What to work on: Using the entries below, return word for word the lines from the one containing "Six people smiling" up to and including the last.
■ ■ ■ ■ ■ ■ ■
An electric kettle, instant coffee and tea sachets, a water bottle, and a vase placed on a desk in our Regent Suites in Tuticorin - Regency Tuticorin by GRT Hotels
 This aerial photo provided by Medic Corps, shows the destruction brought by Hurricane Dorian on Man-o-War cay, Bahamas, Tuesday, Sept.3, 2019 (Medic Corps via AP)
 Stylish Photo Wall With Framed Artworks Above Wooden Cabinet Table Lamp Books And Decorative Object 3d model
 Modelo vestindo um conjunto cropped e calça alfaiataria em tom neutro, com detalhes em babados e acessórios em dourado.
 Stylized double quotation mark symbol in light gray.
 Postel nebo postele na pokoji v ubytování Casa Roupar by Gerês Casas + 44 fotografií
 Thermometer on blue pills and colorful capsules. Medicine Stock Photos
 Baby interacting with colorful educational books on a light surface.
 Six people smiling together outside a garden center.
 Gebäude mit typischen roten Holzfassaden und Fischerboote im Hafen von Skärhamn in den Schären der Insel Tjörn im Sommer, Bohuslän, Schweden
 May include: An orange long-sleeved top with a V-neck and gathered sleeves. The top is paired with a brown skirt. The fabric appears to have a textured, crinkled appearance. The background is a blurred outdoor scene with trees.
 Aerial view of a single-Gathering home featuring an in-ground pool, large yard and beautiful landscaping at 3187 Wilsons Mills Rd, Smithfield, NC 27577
■ ■ ■ ■ ■ ■ ■
Solved problem:
 Six people smiling together outside a garden center.
 Gebäude mit typischen roten Holzfassaden und Fischerboote im Hafen von Skärhamn in den Schären der Insel Tjörn im Sommer, Bohuslän, Schweden
 May include: An orange long-sleeved top with a V-neck and gathered sleeves. The top is paired with a brown skirt. The fabric appears to have a textured, crinkled appearance. The background is a blurred outdoor scene with trees.
 Aerial view of a single-Gathering home featuring an in-ground pool, large yard and beautiful landscaping at 3187 Wilsons Mills Rd, Smithfield, NC 27577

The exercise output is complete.